The Lansing Board of Water & Light paid a $25,000 ransom to unlock its internal communications systems after they were disabled by a cyberattack last spring, officials said Tuesday. BWL General Manager Dick Peffley pegged the cost of responding to the emergency, including the ransom and technology upgrades to prevent future attacks, at $2.4 million. All but $500,000 of those costs are covered by insurance. Paying the ransom was “the only action we could take to unlock our system and free it from the ransomware.”

August 26, 2022: City of Hamilton Informs Water Customers of Ransomware Attack

The City of Hamilton alerted customers of a recent ransomware attack connected with a third party vendor that sends emails to water customers. In a release, staff say the “possible data breach” may have ties to Neptune Technology Group, who replace and maintain water meters, and a third-party mailing vendor that informs residents of a need to replace a meter. The city said “Hamilton Water considers this is a low-risk incident for residents, but felt it important to inform the community." It’s believed 2,387 out of about 156,000 accounts may have been subject to attack giving access to personal information like names and mailing addresses. Neptune Technology Group has stopped using and sharing information with the mailing vendor as a precaution.
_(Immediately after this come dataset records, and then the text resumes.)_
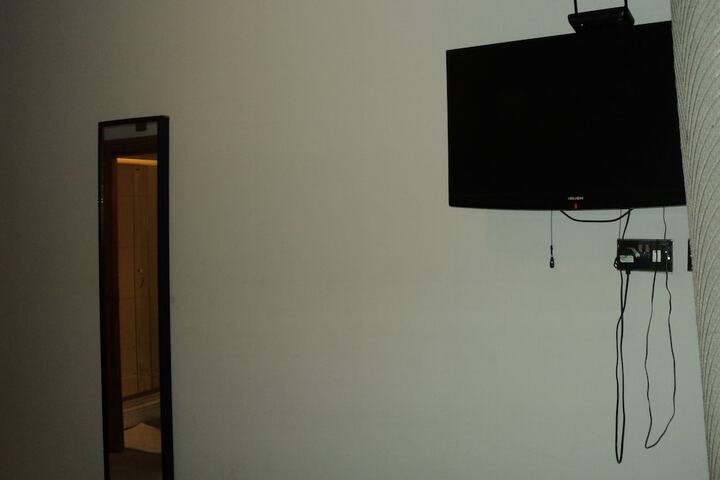 Room 37 of 72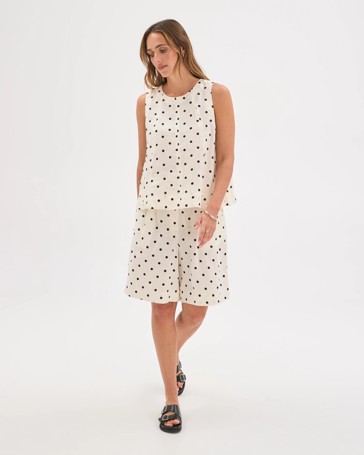 European Linen Bermuda Shorts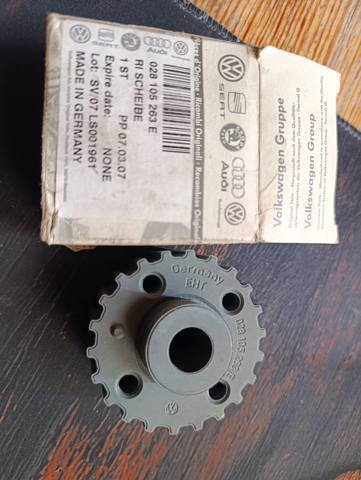 Шестерня привода коленвала двигателя Volkswagen Passat B3, B4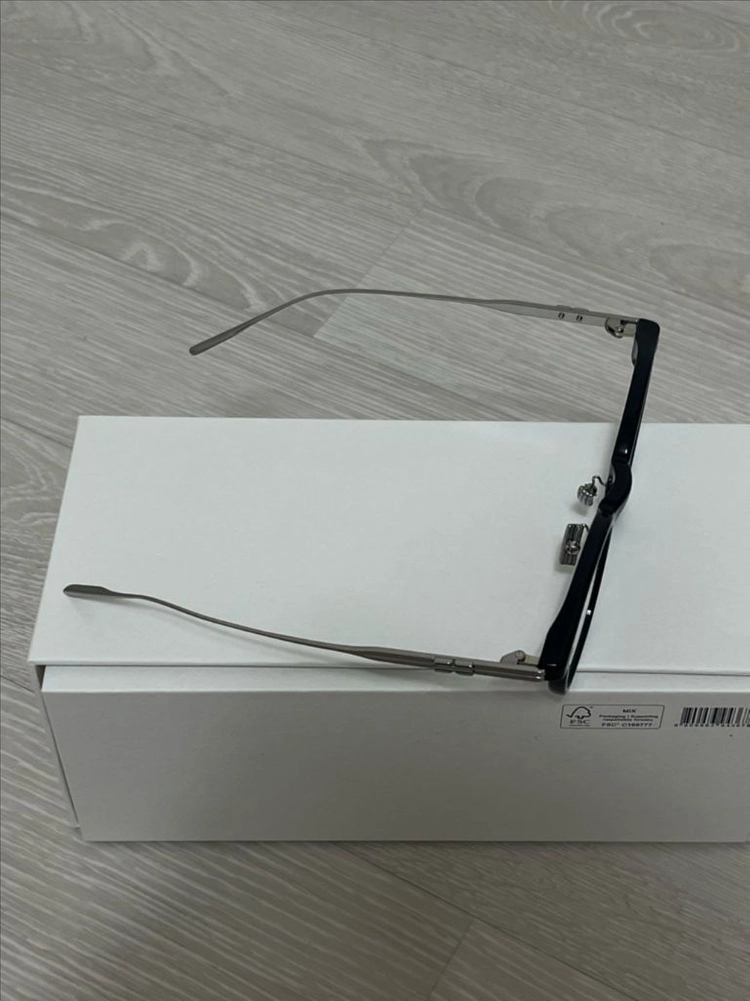 젠틀몬스터 롭 01 블랙 안경 풀박스 이미지
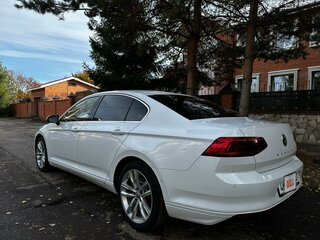 2020 Volkswagen Passat B8 Рестайлинг, белый, 3500000 рублей, вид 4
August 15, 2022: UK Water Utility Suffers Cyberattack

Customers have been assured there is safe drinking water after South Staffordshire PLC, the parent company of South Staffs Water and Cambridge Water in the UK, fell victim to a cyberattack Monday.
The company supplies 330 million liters of drinking water to 1.6 million customers.
“This incident has not affected our ability to supply safe water and we can confirm we are still supplying safe water to all of our Cambridge Water and South Staffs Water customers," the company said in a statement. "This is thanks to the robust systems and controls over water supply and quality we have in place at all times as well as the quick work of our teams to respond to this incident and implement the additional measures we have put in place on a precautionary basis."

July 7, 2022: Rhode Island Sewer System Operator Hit by Cyberattack

he Narragansett Bay Commission, which runs sewer systems in parts of the metropolitan Providence and Blackstone Valley areas, was hit by a ransomware attack on its computer systems. A spokeswoman for the commission acknowledged the attack in a Friday evening email to The Providence Journal.

"Last week, the Narragansett Bay Commission identified a cybersecurity incident that involved the encryption of data on certain computers and systems in its network," spokeswoman Jamie R. Samons said in the email. While she did not specify a ransomware attack, such attacks typically involve hackers encrypting data on a victim's computer system and refusing to supply the key to decode the data until a ransom is paid.

Samons did not reply to a follow-up email asking whether a ransom was paid. She did note that the systems hit by the attack are not ones that control the operation of the sewage system.